Task to complete:
Nothing but the lines below from the one that contains "When you buy" through the one that contains "By pressing the" should be retyped, exactly and including both ends. Do not include pictures.

Stored data:

┌──

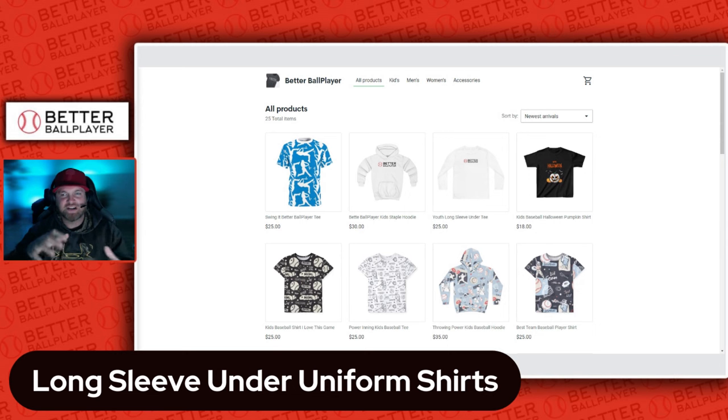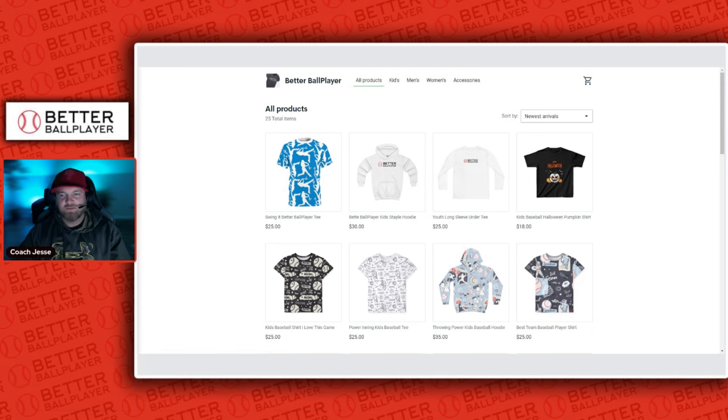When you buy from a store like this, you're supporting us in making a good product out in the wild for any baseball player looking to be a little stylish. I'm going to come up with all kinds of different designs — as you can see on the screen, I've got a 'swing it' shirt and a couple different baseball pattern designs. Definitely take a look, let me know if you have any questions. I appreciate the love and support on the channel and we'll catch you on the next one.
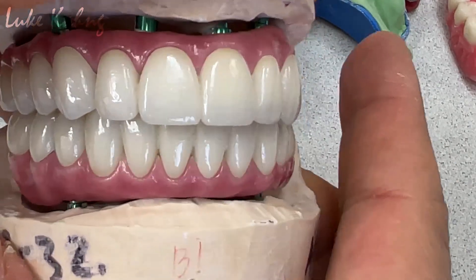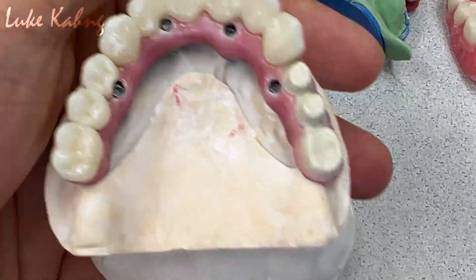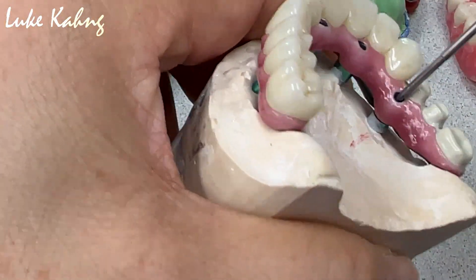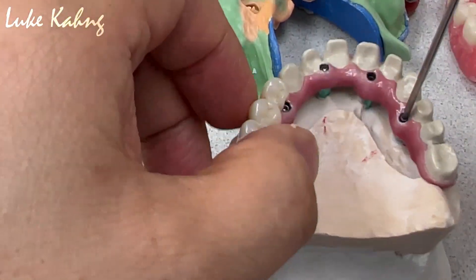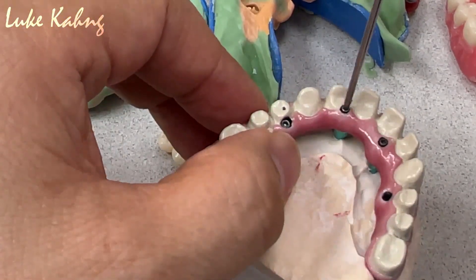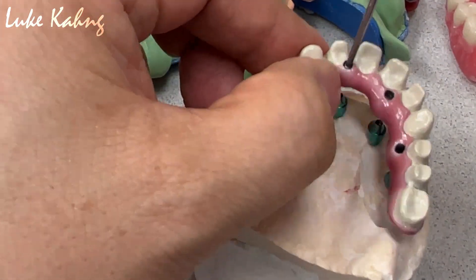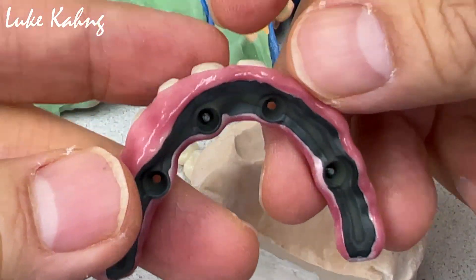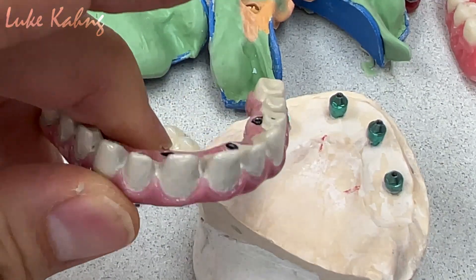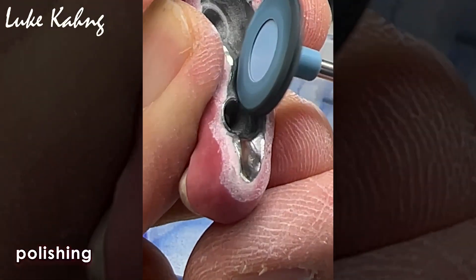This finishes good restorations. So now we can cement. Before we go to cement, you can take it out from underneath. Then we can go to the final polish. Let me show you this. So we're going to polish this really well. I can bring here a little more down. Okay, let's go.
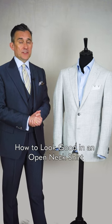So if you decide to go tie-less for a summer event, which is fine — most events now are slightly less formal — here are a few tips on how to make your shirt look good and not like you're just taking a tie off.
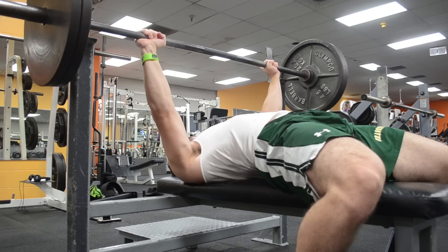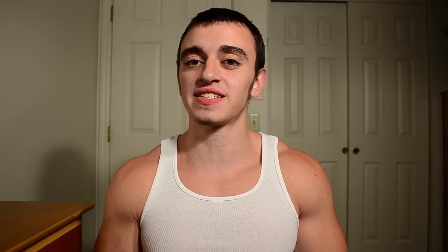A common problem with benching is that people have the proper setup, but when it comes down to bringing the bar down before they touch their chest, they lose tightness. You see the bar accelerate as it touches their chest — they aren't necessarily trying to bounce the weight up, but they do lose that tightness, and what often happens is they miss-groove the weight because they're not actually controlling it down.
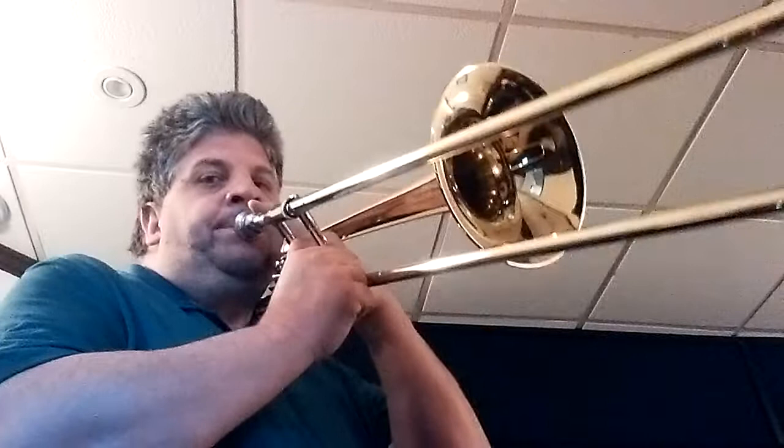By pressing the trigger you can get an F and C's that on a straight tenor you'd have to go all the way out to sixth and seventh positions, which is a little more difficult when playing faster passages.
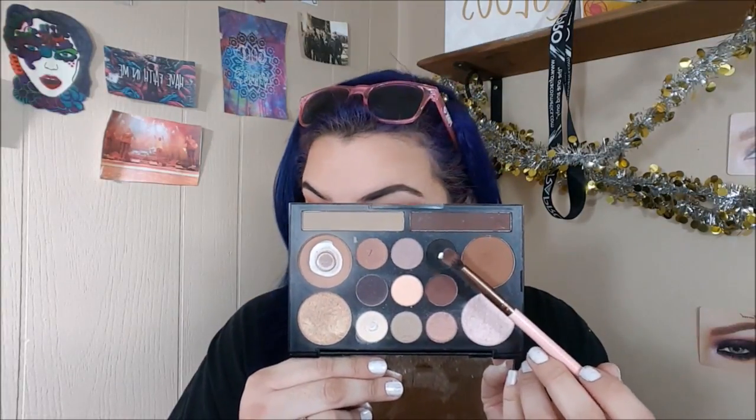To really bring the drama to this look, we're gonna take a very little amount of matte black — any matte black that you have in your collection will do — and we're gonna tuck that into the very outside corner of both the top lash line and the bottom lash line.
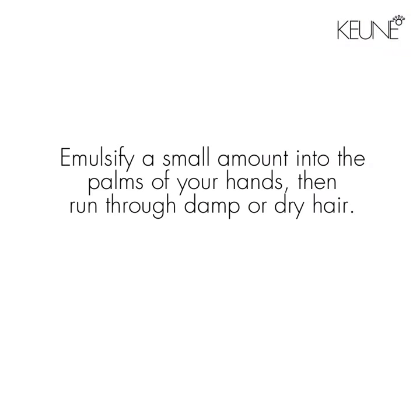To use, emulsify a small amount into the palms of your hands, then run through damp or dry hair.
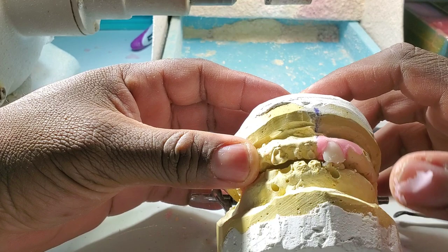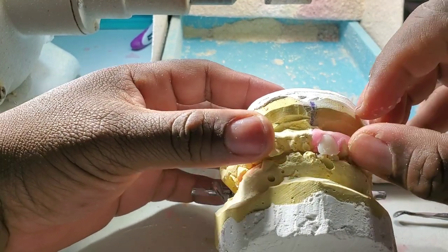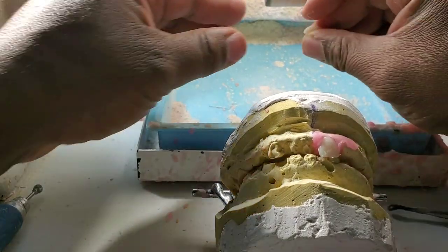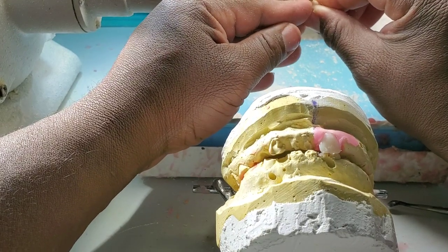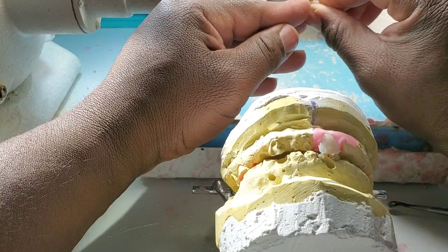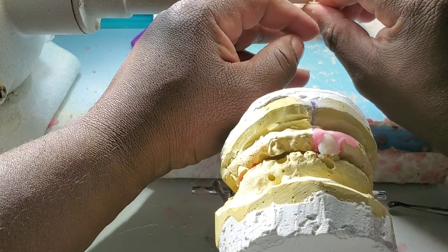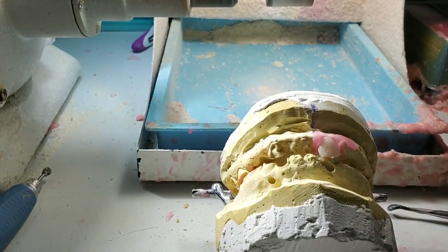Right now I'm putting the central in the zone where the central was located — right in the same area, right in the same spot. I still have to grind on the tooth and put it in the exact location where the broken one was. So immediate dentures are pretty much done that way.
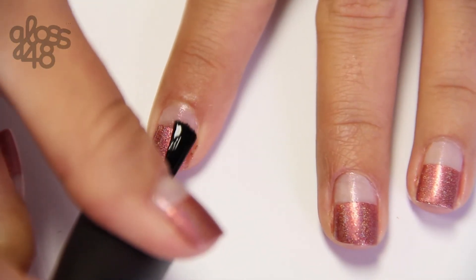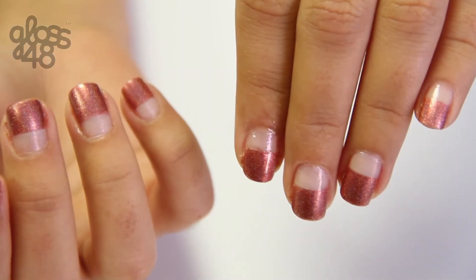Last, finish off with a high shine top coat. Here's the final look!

└──
┌──

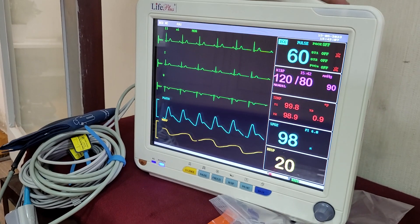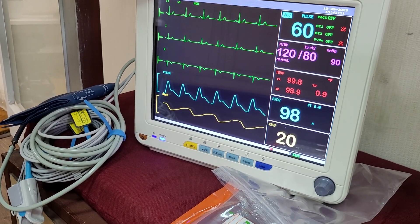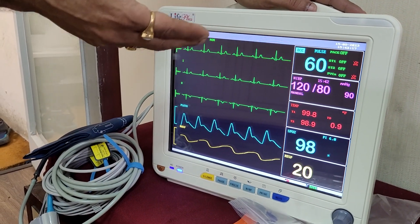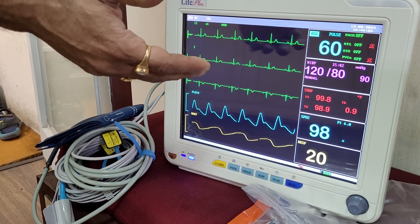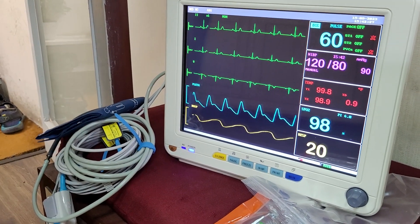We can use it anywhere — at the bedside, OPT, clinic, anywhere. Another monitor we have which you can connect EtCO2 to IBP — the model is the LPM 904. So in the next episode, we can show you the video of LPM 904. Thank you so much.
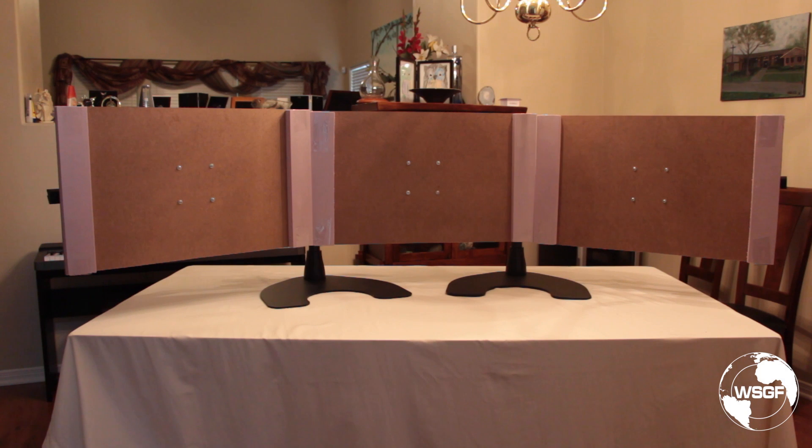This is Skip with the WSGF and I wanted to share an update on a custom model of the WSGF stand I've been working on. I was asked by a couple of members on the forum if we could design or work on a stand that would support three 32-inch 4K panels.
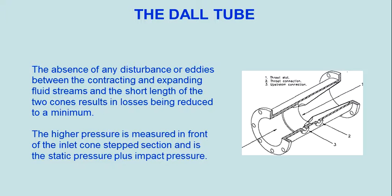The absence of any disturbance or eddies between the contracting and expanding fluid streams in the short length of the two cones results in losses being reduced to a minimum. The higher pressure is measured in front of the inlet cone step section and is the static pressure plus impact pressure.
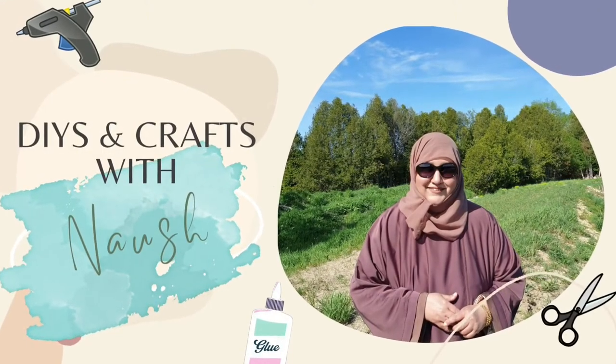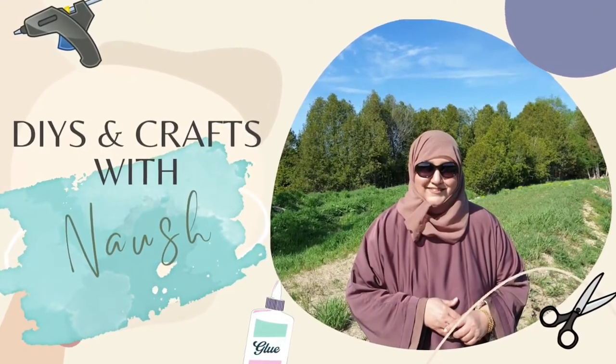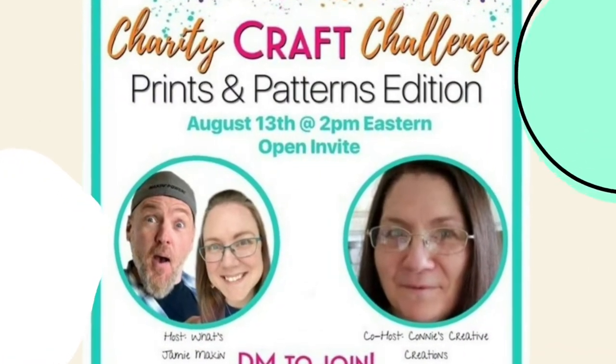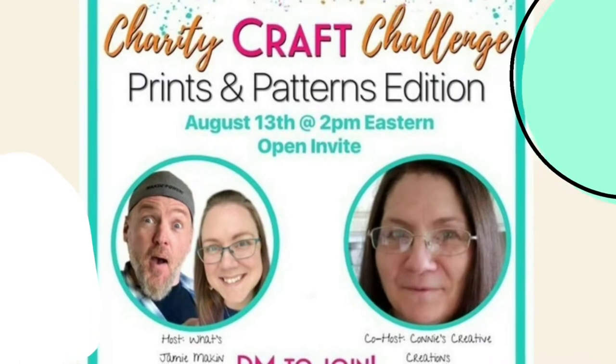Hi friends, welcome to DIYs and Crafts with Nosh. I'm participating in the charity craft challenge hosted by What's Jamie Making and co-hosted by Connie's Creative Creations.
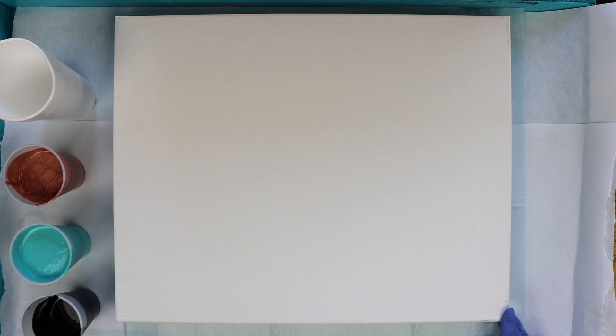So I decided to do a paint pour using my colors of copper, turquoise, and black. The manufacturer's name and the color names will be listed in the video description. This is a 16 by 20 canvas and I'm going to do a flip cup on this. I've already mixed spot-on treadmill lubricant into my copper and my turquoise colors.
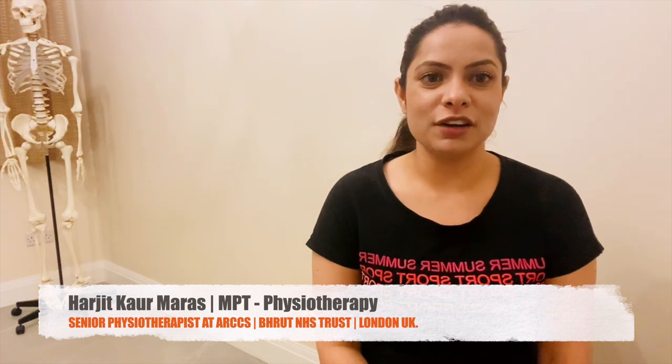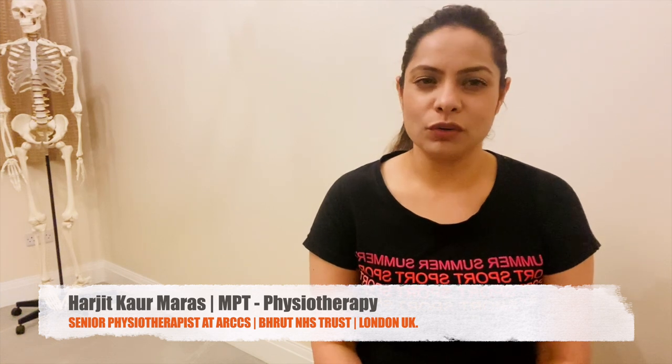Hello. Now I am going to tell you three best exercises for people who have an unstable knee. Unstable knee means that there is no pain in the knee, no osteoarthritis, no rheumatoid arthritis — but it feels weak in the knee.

└──
┌──

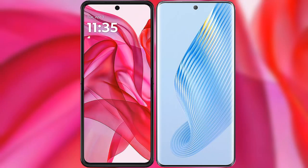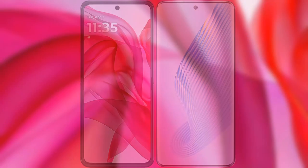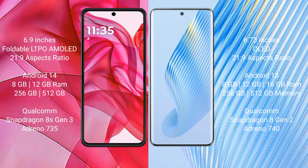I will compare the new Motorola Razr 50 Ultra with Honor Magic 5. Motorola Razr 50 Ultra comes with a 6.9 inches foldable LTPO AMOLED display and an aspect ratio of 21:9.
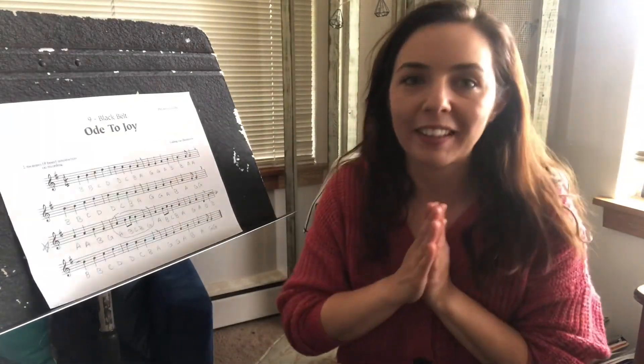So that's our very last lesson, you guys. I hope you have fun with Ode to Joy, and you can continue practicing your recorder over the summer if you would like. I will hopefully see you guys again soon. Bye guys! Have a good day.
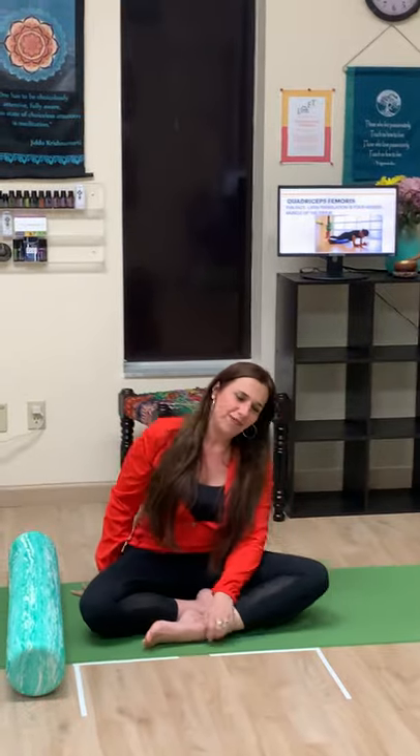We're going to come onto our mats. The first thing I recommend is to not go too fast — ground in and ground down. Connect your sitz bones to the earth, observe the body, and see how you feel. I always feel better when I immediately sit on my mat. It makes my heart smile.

└──

Solution:
When you buy from a store like this, you're supporting us in making a good product out in the wild for any baseball player looking to be a little stylish. I'm going to come up with all kinds of different designs — as you can see on the screen, I've got a 'swing it' shirt and a couple different baseball pattern designs. Definitely take a look, let me know if you have any questions. I appreciate the love and support on the channel and we'll catch you on the next one.
This finishes good restorations. So now we can cement. Before we go to cement, you can take it out from underneath. Then we can go to the final polish. Let me show you this. So we're going to polish this really well. I can bring here a little more down. Okay, let's go.
So if you decide to go tie-less for a summer event, which is fine — most events now are slightly less formal — here are a few tips on how to make your shirt look good and not like you're just taking a tie off.
A common problem with benching is that people have the proper setup, but when it comes down to bringing the bar down before they touch their chest, they lose tightness. You see the bar accelerate as it touches their chest — they aren't necessarily trying to bounce the weight up, but they do lose that tightness, and what often happens is they miss-groove the weight because they're not actually controlling it down.
By pressing the trigger you can get an F and C's that on a straight tenor you'd have to go all the way out to sixth and seventh positions, which is a little more difficult when playing faster passages.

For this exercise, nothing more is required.